Our assurance is not based upon our own limited strength, but upon the power of “him who is able to keep you from falling and to present you without blemish before the presence of his glory with rejoicing” (Jude 24). By God’s power, His people “are guarded through faith for a salvation ready to be revealed in the last time” (1 Peter 1:5).

The Christian may feel like giving up at times, and may even experience the reemergence of old habits, or slip and stumble when confronted with temptation, but God does not so easily give up on His children. “For the Lord disciplines him whom he loves, and chastises every son whom he receives” (Hebrews 12:6). God’s disciplinary measures may seem severe at times, but we, if we are His people, can find solace in knowing that the discipline we must endure is evidence that “God is treating [us] as sons” (verse 7), and that He “disciplines us for our good” (verse 10). Our faith may waver from time to time, but God remains steadfast.

At times, God’s people may think the odds are against them. It may seem that the trials of life are more than they can endure. Paul’s words are reassuring:

“If God is for us, who is against us? He who did not spare his own Son but gave him up for us all, will he not also give us all things with him? Who shall bring any charge against God’s elect? It is God who justifies; who is to condemn? Is it Christ Jesus, who died, yes, who was raised from the dead, who is at the right hand of God, who indeed intercedes for us? Who shall separate us from the love of Christ? Shall tribulation, or distress, or persecution, or famine, or nakedness, or peril, or sword? ... No, in all these things we are more than conquerors through him who loved us. For I am sure that neither death, nor life, nor angels, nor principalities, nor things present, nor things to come, nor powers, nor height, nor depth, nor anything else in all creation, will be able to separate us from the love of God in Christ Jesus our Lord” (Romans 8:31–39)

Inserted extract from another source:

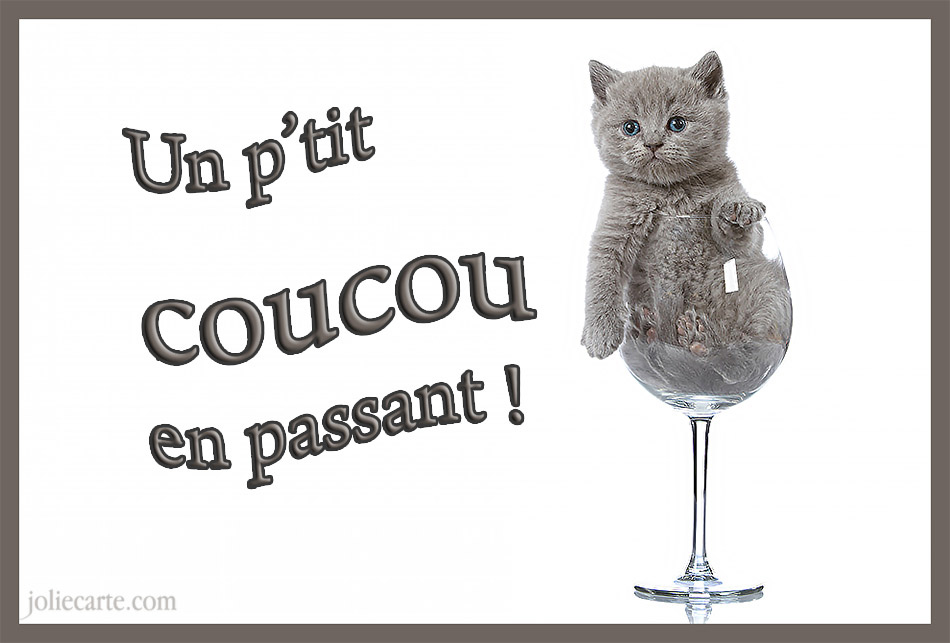 Coucou chat
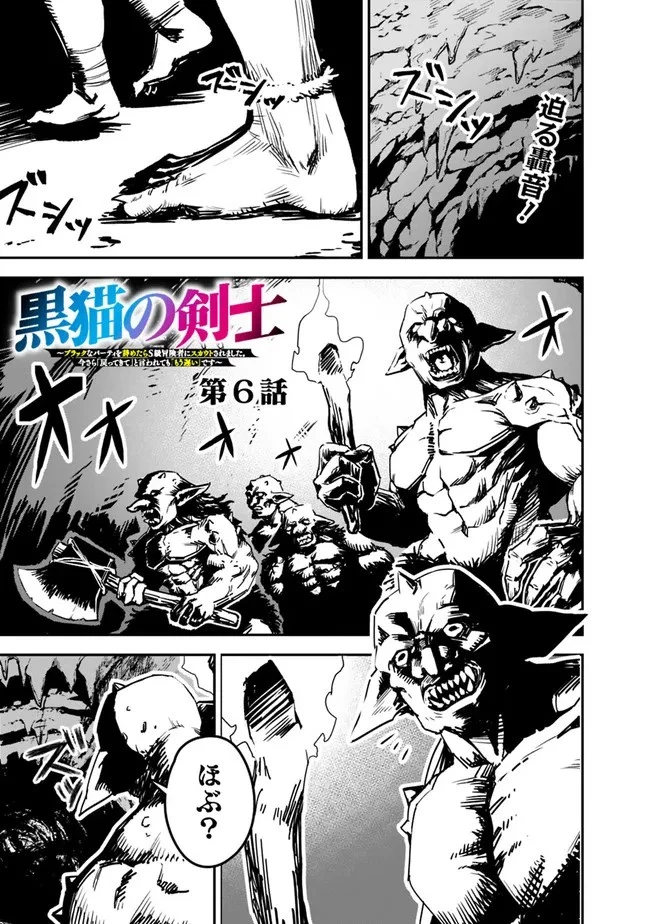 黒猫の剣士 ～ブラックなパーティを辞めたらS級冒険者にスカウトされました。今さら「戻ってきて」と言われても「もう遅い」です～ 第6話 - 1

Does that sound like a salvation that is supported by nothing more than the strength of a thread? Does it sound like a salvation that is easily lost? Hardly!

Paul’s assurance centers on “Christ Jesus…who indeed intercedes for us.” His prayer, offered up to God on the night before His death, reflects His intercessory office.

Jesus prayed, “And now I am no more in the world, but they [His disciples] are in the world, and I am coming to thee. Holy Father, keep them in thy name, which thou hast given me, that they may be one, even as we are one…. I do not pray that thou shouldst take them out of the world, but that thou shouldst keep them from the evil one” (John 17:11, 15).

Surely these words proved to be a source of tremendous encouragement for the apostles after Jesus’ departure to heaven. They knew that Jesus, whom they had seen ascending to heaven, had prayed specifically for them, that through the Father’s name (His power) they might continue in the faith, protected from the overwhelming power of the devil.

Jesus Christ: Our Source of Assurance

Every week, many sick and afflicted individuals ask us (the ministers of the home office of the Church of God International) to pray for them. Some of them tell us they have a greater feeling of confidence when they know that others are praying on their behalf. Think of the confidence the apostles must have felt as they recalled the words Jesus spoke on their behalf in His last night as a mortal human being. After all, it was not a small group of flawed human beings praying for them; it was Jesus Christ Himself!

In our human weakness, we may sometimes wonder whether God hears us when we cry out to Him for help. But few of us would doubt that God heard the prayers of Jesus. If we could know that Jesus prayed for us, just as He prayed for the apostles whom He sent, we could no doubt face the trials of life with reassurance, confidence, and courage.

The good news is that Jesus did pray for us—His modern-day disciples—in the same prayer He offered on behalf of His first disciples. He said, “I do not pray for these [His first disciples] only, but also for those who believe in me through their word, that they may all be one; even as thou, Father, art in me, and I in thee, that they also may be in us…” (John 17:20–21).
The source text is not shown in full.